Exercise goal — Using the listing below, say how many lines have the string "light" in them, giving the number alone.

--- Supplied material ---

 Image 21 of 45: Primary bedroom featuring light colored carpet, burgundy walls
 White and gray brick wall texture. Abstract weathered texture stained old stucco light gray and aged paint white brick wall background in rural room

---
--- Supplied material ---

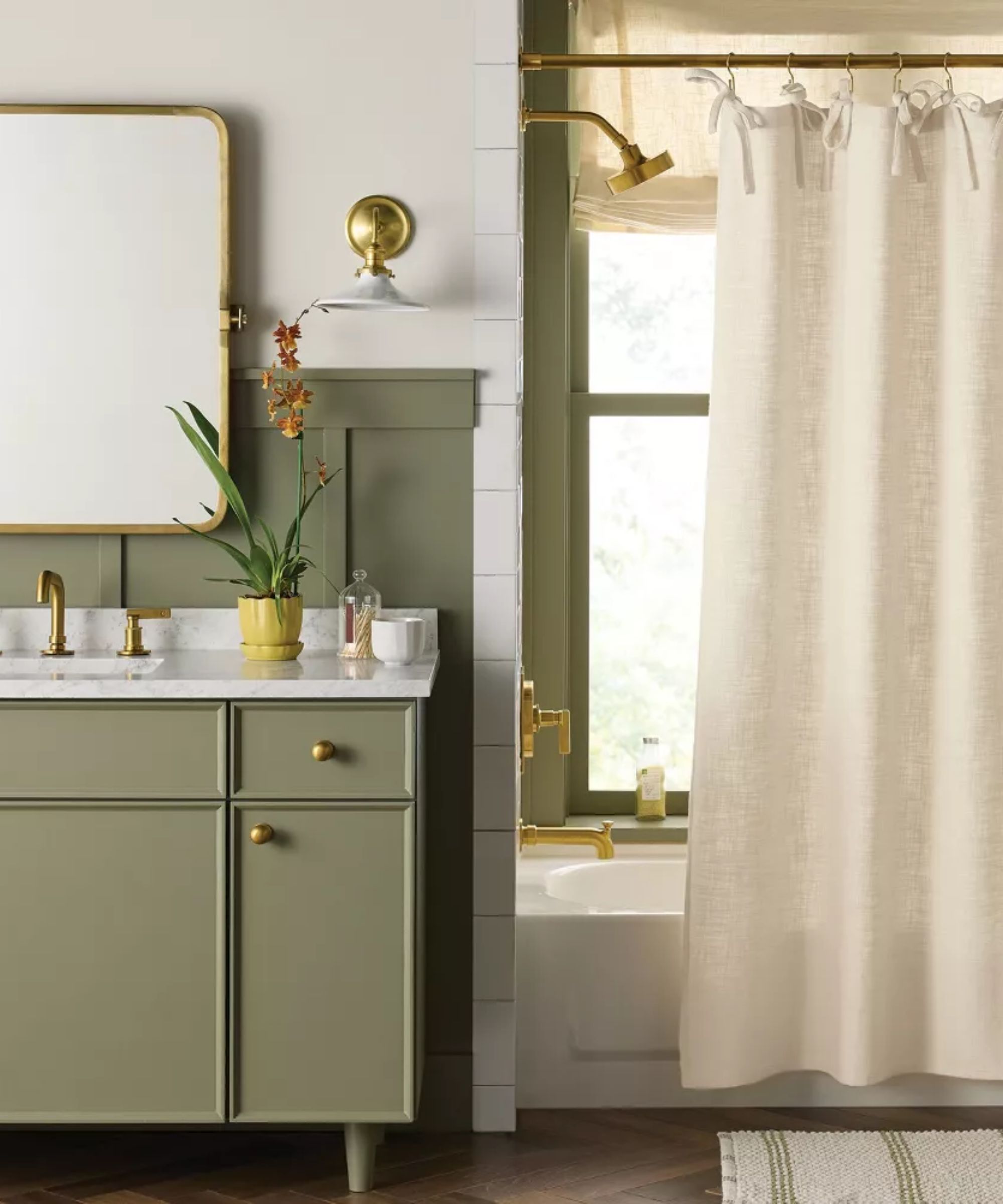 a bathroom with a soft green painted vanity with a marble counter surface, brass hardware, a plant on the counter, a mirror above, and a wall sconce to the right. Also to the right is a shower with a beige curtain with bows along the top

---

Solution to this task — 2